Dentro de las actividades, en el marco de este proyecto, está el de los retos de la longevidad. ¿Qué soluciones se proponen, teniendo en cuenta el envejecimiento progresivo de la sociedad vasca?

-El gran desafío de Euskadi es el envejecimiento, pero también con cómo conectarlo con la parte activa. Y con el de una sociedad con las tasas de natalidad más bajas, por lo que el gran discurso es qué hacer con la inmigración. Necesitamos una fuerza de reproducción, en el sentido de natalidad y productivo, que no va a venir por tener más hijos, sino por incorporar a los inmigrantes.

Hablando de longevidad, también Eusko Ikaskuntza ha organizado foros en torno al futuro de las áreas rurales, que acumulan envejecimiento, como es el caso de los pueblos pequeños de Tierra Estella, despoblación que perfectamente se aplica a los de Araba.

-Ahí lo que se debe hacer es inversión pública. El sector privado no es emprendedor, lo es el sector público. La discusión de los pueblos pequeños tiene que ver con el envejecimiento y juventud, con cómo financiar industrias creativas innovadoras para que los jóvenes tengan oportunidades en los pueblos en los que nacieron.

Junto a Javier Etxeberria expuso las tendencias y legislación internacionales en torno a las industrias culturales y actividades creativas. ¿De qué peculiaridades hablamos en Euskal Herria?

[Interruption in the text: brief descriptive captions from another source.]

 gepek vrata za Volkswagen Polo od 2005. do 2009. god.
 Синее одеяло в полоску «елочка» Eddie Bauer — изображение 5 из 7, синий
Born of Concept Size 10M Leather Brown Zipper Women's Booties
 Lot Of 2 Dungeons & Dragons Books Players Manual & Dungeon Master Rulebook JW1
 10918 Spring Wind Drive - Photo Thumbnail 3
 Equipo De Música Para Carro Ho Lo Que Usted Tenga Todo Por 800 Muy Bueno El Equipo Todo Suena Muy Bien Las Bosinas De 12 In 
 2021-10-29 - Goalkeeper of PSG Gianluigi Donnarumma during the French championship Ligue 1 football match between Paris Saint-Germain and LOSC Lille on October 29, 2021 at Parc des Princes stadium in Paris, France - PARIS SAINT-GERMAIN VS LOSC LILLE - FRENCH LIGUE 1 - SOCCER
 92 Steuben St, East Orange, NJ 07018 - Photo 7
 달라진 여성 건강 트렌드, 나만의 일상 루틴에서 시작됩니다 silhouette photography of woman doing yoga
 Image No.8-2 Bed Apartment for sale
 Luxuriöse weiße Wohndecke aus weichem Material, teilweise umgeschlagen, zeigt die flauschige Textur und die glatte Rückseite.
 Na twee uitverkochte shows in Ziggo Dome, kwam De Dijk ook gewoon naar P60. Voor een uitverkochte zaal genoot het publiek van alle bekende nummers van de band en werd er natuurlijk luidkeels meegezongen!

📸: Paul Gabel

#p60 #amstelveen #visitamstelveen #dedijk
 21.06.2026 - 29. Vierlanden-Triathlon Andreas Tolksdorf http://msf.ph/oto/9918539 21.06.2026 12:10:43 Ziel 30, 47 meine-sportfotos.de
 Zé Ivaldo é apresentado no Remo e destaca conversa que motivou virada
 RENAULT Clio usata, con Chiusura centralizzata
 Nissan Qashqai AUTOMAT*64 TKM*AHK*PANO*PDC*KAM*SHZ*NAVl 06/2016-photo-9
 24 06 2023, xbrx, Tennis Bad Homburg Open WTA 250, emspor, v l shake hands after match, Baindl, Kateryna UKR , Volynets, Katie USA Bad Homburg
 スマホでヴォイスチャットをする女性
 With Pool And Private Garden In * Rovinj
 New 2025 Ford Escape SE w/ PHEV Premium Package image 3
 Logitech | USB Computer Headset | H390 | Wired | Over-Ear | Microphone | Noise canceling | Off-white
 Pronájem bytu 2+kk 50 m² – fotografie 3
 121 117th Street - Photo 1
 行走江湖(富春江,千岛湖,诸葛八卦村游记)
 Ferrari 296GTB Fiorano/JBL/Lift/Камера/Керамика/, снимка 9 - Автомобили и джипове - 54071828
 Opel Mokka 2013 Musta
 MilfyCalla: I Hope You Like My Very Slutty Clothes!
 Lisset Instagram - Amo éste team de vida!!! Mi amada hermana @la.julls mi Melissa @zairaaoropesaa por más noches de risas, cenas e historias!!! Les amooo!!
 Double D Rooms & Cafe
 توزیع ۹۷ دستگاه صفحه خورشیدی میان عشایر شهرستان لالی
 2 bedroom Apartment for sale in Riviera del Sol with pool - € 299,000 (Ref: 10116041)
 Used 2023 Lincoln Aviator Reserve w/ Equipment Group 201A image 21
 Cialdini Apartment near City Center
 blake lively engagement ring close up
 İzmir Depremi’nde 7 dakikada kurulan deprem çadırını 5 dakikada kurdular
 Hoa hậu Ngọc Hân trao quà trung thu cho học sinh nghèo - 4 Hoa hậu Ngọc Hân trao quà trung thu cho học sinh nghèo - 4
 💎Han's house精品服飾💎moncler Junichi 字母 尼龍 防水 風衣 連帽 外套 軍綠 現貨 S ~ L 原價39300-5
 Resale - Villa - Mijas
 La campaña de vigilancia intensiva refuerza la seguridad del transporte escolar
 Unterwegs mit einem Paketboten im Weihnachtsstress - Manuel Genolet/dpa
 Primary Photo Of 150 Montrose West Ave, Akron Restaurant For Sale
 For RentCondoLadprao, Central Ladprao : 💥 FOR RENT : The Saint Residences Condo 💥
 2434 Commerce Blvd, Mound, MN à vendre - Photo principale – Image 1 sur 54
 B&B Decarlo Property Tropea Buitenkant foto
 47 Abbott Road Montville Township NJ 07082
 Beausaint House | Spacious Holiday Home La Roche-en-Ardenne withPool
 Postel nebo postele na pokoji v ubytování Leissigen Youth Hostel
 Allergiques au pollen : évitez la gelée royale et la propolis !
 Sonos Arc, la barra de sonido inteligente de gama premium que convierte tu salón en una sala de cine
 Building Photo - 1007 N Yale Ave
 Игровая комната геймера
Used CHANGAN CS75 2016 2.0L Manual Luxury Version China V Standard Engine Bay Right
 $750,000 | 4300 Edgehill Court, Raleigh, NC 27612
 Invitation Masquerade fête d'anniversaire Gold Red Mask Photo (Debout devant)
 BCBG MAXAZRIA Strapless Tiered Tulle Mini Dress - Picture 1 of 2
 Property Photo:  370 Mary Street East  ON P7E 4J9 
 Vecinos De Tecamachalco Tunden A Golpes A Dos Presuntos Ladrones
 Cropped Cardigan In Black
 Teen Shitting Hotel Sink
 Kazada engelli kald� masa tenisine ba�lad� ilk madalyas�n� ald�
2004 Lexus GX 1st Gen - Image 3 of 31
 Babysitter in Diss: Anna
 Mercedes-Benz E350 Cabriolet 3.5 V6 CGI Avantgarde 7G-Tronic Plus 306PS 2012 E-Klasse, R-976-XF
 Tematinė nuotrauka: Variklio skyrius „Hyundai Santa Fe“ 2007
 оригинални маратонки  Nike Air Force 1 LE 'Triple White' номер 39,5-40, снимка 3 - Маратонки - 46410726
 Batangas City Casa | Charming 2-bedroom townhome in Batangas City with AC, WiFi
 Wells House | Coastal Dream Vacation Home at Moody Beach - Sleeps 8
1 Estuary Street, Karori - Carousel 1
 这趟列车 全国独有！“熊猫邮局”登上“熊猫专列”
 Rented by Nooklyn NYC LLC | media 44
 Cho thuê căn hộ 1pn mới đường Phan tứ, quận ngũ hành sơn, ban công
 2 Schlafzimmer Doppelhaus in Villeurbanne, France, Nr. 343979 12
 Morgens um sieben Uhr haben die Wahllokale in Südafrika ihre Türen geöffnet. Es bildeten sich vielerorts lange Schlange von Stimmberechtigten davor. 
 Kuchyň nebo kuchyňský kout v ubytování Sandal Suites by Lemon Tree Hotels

-Hay dos tipos de dinámicas. Una es la que todo el mundo cree que es la importante, la de digitalizar la cultura, introducir tecnologías, que es lo que llaman innovación. Nuestra perspectiva es que lo que está produciendo la digitalización produce lo que se llama tecnosociedades, sometidas a la dinámica de cuatro o cinco expertos, que controlan el conocimiento. El problema es que las tecnologías lo capturan todo y que hay que crear espacios nuevos de creatividad.

¿ Y qué hay que hacer en Euskadi?

-Crear laboratorios creativos, con participación. Hay que volver a compensar esa balanza. Es el reto de que la tecnología no lo devore todo.